I treat my servers like my employees: with unrealistic expectations and no backup plan. It builds resilience.
# High-trust, single-point-of-failure architecture
def handle_request(request):
try:
return process(request)
except Exception:
# This will never happen
# I have faith in this code
# TODO: add error handling later
pass
The 3 AM Test
Modern architects design for “what if the server goes down at 3 AM?”
I design for “what if I don’t want to wake up at 3 AM?” The answer is simple: don’t have monitoring. What you don’t know can’t page you.
This is similar to XKCD 1205: Is It Worth the Time? - if you calculate the time saved by NOT building redundancy, you’ll realize you can use that time to fix things when they break! Efficiency!
The Economics of Failure
Let’s do the math:
High Availability Setup:
- 3 servers: $300/month
- Load balancer: $50/month
- Database replica: $100/month
- Monitoring: $50/month
- Engineer to maintain it: $10,000/month
TOTAL: $10,500/month
Single Point of Failure Setup:
- 1 server: $5/month (shared hosting)
- Downtime: Free!
- Customer complaints: Filtered to spam
TOTAL: $5/month
SAVINGS: $10,495/month
What About Disaster Recovery?
“Disaster” is a strong word. I prefer “extended maintenance window.”
Besides, disaster recovery plans are just fantasy fiction for sysadmins. Nobody actually tests them. That DR runbook from 2019? Pure historical fiction. The backup server credentials? Lost to time. The recovery RTO of 4 hours? More like 4 weeks of “we’re working on it.”
As Dogbert would say: “I’ve developed a disaster recovery plan. Step 1: Panic. Step 2: Update resume. Step 3: There is no step 3.”

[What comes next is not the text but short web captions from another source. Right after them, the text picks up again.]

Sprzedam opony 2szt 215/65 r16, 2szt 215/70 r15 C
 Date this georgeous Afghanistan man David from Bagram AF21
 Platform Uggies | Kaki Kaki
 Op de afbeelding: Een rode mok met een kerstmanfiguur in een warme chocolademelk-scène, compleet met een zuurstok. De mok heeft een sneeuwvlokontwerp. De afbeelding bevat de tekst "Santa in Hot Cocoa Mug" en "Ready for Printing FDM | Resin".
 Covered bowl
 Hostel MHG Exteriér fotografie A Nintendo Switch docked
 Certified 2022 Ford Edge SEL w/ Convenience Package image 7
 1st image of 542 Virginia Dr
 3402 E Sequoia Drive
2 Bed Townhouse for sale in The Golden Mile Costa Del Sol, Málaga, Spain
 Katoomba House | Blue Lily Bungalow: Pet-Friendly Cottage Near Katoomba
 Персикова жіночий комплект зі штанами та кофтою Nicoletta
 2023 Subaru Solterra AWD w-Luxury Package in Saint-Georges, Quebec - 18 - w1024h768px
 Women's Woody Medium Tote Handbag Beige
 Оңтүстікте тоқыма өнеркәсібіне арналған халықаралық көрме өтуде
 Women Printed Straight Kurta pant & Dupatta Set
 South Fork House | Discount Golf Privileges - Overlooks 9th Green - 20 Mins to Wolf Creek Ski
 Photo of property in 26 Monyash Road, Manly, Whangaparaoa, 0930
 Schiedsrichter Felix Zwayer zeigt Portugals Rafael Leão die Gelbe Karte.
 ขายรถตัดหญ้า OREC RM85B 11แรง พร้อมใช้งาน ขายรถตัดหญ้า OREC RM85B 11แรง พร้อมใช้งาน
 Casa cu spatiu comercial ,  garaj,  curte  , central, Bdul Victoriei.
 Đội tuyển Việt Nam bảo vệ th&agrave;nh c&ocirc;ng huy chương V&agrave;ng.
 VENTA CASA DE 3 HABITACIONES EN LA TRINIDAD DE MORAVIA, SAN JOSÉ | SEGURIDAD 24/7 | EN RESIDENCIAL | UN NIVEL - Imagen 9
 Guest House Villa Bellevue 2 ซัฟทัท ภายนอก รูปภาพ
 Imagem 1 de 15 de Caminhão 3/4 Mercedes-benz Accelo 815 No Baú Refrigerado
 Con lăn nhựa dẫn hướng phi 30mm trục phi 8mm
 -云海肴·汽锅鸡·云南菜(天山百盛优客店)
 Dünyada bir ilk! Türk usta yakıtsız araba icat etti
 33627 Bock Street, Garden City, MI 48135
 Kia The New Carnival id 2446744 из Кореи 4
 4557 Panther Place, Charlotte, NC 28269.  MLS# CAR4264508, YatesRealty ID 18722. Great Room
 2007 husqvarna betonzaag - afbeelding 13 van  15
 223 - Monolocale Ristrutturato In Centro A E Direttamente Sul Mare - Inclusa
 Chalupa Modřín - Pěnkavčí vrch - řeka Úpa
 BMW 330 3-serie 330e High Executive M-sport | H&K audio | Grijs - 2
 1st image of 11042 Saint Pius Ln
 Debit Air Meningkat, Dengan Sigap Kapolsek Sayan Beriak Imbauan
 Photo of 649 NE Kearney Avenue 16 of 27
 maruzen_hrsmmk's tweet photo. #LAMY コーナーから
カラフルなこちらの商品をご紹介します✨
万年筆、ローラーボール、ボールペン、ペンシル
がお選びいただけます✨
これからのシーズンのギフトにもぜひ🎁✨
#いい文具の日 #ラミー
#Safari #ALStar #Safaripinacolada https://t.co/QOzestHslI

Real World Success Stories
Here are some single points of failure that worked out fine:
-
The one developer who knows how the billing system works - Jeff has been on vacation for 3 weeks. We’re fine. Probably.
-
The production database on the CEO’s old gaming PC - It’s powerful! It has RGB!
-
That cronjob on someone’s laptop that no one remembers setting up - It’s been running for 7 years. We’re afraid to look at it.
-
Manual deployment by the one person with SSH access - They’re in a different timezone, but “flexible hours” is a perk!
The SPOF Design Patterns
I’ve codified my approach into reusable patterns:
The Hero Pattern
One person knows everything. They’re never allowed to take vacation, get sick, or quit. This is normal and sustainable.
The Vintage Hardware Pattern
That server from 2012 is fine. It’s “proven technology.” The warning sounds it makes are “character.”
The Implicit Knowledge Pattern
Nothing is documented because the person who built it is still here. They’ve been “planning to document it” since 2018.
The Optimistic Replication Pattern
We have backups. We’ve never tested restoring them, but we have them. Probably. Somewhere.
Conclusion
Redundancy is for people who lack confidence in their systems. Single points of failure are honest - they tell you exactly where things will break.
And when they do break? That’s called a “learning experience.” Also known as “resume-generating events.”
Build SPOF. Embrace the chaos. Sleep peacefully knowing that if everything goes down, at least it’ll go down together.
The author’s last three companies are now case studies in “what not to do.” He considers this a legacy.